# Required action:
From the line containing "美国小哥红色和绿色成为井冈山的主色调" to the last line of the listing, both included, copy every line exactly and drop the pictures.

# Input data:

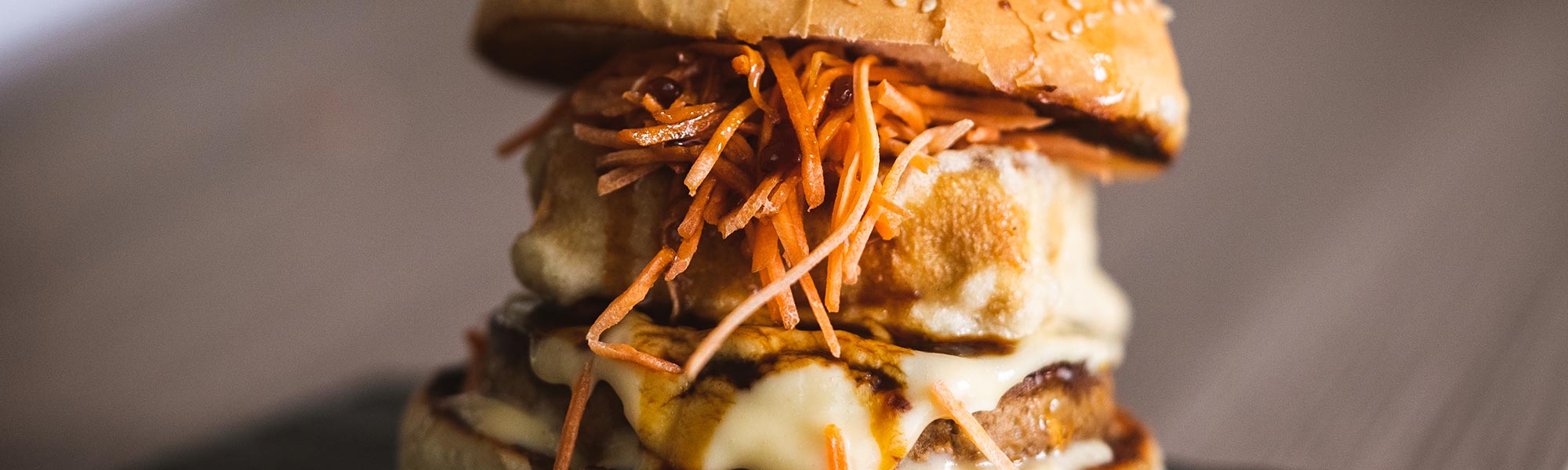 Hamburger vegetale con tofu fritto, salsa teriyaki, maionese veg al wasabi e carote – ingredienti e preparazione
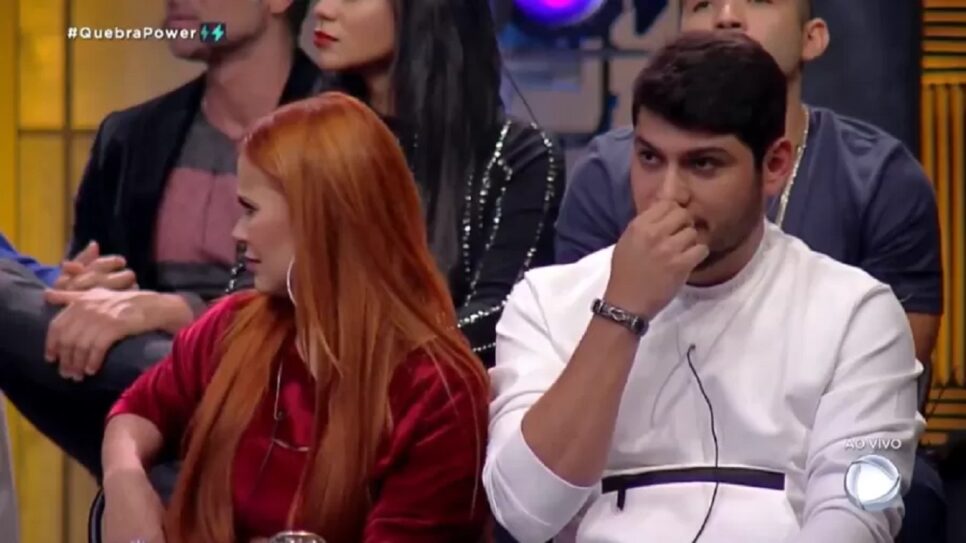 Mirela Janis e Yugnir no Power Couple (Foto: Reprodução)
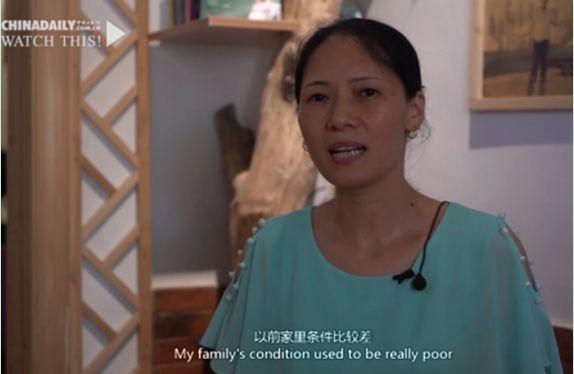 美国小哥红色和绿色成为井冈山的主色调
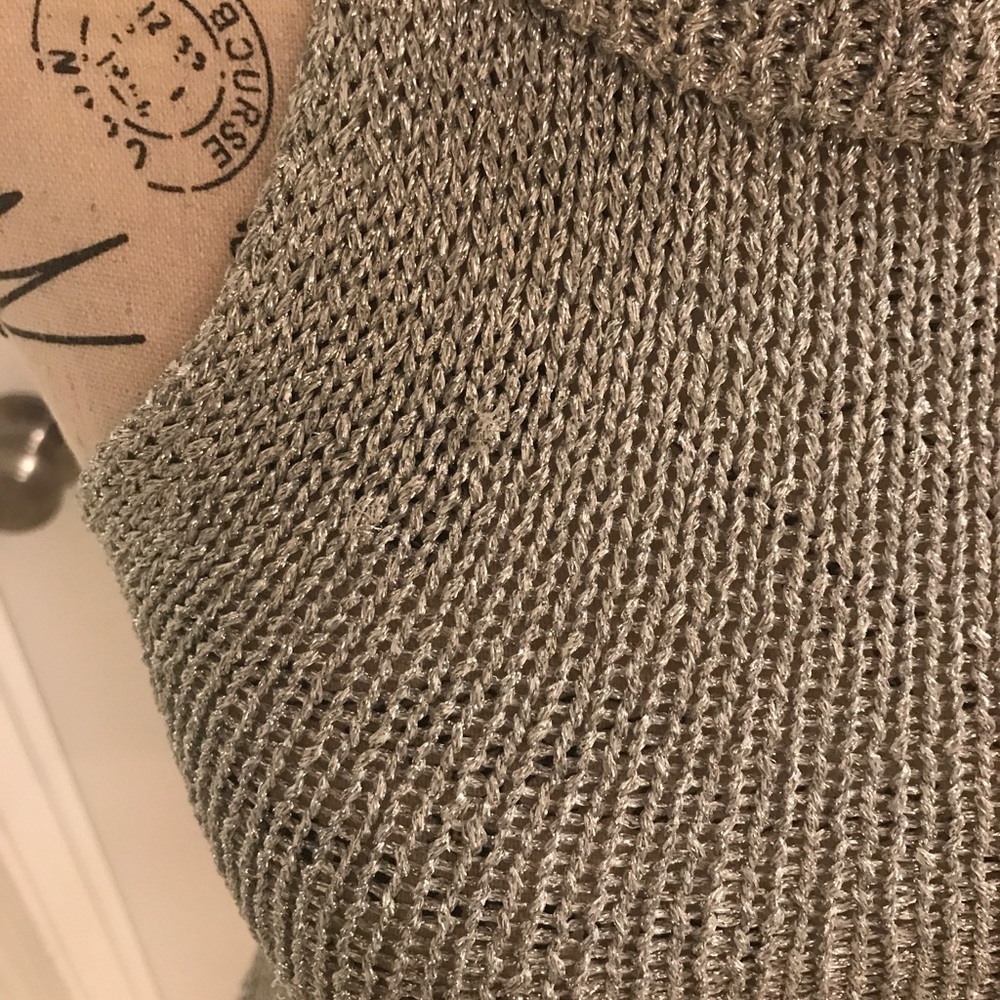 Bebe✨Vintage Sleeveless Silver Oversized Neck Top - Picture 4 of 8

# Solution:
 美国小哥红色和绿色成为井冈山的主色调
 Bebe✨Vintage Sleeveless Silver Oversized Neck Top - Picture 4 of 8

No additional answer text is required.